About this task:
Everything from the line containing "A neatly made" through the end of the entries below must be set down exactly, and nothing else.

Task inputs:
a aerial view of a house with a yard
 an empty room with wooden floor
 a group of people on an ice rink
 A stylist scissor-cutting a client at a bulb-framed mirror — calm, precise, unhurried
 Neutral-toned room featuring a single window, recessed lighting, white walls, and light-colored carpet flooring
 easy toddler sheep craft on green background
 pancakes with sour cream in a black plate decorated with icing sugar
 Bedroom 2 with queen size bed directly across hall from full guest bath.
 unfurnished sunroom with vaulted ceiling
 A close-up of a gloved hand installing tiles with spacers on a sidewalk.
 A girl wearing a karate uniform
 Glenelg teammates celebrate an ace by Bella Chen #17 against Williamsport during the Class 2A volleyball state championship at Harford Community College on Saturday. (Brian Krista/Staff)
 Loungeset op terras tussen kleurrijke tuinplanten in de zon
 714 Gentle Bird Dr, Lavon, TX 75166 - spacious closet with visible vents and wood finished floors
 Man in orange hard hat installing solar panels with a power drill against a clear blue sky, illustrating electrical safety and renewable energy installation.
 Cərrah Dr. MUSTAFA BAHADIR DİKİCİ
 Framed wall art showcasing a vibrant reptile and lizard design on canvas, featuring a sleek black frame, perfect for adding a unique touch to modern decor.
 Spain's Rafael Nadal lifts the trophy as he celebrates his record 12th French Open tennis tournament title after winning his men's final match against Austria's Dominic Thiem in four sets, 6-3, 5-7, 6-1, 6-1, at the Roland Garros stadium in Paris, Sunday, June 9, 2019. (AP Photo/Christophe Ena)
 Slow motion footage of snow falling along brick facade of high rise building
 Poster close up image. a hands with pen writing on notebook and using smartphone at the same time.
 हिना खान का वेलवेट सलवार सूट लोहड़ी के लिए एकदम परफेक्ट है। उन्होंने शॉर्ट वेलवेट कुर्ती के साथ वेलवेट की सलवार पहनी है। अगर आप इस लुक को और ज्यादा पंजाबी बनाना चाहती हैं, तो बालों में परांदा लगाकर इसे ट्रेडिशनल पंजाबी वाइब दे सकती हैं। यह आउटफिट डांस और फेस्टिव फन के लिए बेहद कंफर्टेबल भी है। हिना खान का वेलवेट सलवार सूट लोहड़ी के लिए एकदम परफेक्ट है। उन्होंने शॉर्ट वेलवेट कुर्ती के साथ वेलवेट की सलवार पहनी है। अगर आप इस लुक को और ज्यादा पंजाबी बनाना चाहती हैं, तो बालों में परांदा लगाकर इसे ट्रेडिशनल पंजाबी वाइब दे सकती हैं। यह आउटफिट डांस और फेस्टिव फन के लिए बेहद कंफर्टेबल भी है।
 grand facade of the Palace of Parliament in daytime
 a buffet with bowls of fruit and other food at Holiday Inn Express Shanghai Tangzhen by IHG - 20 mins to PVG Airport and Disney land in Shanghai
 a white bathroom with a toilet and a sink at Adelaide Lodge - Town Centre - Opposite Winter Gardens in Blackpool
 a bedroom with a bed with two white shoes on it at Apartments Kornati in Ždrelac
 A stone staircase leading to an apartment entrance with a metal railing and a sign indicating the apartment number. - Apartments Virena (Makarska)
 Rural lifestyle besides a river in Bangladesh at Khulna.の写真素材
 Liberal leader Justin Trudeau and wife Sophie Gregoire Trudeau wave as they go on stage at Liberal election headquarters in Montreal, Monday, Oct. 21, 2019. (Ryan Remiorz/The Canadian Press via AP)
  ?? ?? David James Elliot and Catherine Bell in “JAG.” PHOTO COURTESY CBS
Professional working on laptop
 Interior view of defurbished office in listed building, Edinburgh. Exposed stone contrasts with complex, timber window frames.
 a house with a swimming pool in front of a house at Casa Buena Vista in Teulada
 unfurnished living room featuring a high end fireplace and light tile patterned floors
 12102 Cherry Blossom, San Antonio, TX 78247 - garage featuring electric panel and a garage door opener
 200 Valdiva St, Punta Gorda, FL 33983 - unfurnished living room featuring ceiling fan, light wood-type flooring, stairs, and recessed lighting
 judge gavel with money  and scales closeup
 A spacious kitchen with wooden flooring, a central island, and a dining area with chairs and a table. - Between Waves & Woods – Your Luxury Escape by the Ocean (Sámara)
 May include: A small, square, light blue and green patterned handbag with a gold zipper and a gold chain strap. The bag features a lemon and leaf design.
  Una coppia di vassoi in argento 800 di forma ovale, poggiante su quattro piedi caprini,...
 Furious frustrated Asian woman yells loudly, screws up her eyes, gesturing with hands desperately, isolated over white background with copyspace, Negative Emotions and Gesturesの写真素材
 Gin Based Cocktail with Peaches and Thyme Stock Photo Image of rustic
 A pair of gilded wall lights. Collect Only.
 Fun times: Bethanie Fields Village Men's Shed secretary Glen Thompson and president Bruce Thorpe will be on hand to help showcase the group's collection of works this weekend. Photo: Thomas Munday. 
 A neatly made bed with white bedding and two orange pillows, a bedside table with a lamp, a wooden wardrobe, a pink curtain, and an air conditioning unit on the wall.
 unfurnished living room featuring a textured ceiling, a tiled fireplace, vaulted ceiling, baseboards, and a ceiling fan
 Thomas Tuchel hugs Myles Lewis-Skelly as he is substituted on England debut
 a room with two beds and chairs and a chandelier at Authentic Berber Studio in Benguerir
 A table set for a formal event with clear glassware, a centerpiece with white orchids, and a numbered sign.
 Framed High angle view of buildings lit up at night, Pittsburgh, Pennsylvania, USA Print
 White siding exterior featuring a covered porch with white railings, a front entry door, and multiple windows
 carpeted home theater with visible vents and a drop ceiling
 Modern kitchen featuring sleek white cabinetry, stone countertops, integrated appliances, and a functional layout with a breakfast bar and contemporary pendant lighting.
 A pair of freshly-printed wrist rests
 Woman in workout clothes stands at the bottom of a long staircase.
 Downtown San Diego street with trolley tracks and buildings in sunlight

Answer to the problem:
 A neatly made bed with white bedding and two orange pillows, a bedside table with a lamp, a wooden wardrobe, a pink curtain, and an air conditioning unit on the wall.
 unfurnished living room featuring a textured ceiling, a tiled fireplace, vaulted ceiling, baseboards, and a ceiling fan
 Thomas Tuchel hugs Myles Lewis-Skelly as he is substituted on England debut
 a room with two beds and chairs and a chandelier at Authentic Berber Studio in Benguerir
 A table set for a formal event with clear glassware, a centerpiece with white orchids, and a numbered sign.
 Framed High angle view of buildings lit up at night, Pittsburgh, Pennsylvania, USA Print
 White siding exterior featuring a covered porch with white railings, a front entry door, and multiple windows
 carpeted home theater with visible vents and a drop ceiling
 Modern kitchen featuring sleek white cabinetry, stone countertops, integrated appliances, and a functional layout with a breakfast bar and contemporary pendant lighting.
 A pair of freshly-printed wrist rests
 Woman in workout clothes stands at the bottom of a long staircase.
 Downtown San Diego street with trolley tracks and buildings in sunlight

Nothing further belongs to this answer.